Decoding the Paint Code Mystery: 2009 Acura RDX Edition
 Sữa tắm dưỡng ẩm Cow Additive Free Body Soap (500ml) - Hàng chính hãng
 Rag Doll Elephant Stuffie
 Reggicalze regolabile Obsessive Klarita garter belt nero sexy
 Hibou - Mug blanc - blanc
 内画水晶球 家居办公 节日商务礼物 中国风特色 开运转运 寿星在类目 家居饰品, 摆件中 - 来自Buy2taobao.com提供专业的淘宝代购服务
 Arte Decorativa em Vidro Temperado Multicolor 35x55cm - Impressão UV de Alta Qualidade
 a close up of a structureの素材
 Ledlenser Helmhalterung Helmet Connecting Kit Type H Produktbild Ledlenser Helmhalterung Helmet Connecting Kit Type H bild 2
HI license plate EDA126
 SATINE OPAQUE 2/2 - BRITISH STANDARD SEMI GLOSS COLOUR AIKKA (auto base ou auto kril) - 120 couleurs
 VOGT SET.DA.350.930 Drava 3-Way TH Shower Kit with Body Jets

- - - - -

▸ REQUIRED WORK
Tally the lines in the listing that contain the string "Body", then report that tally alone.

▸ RESPONSE TO THIS TASK
2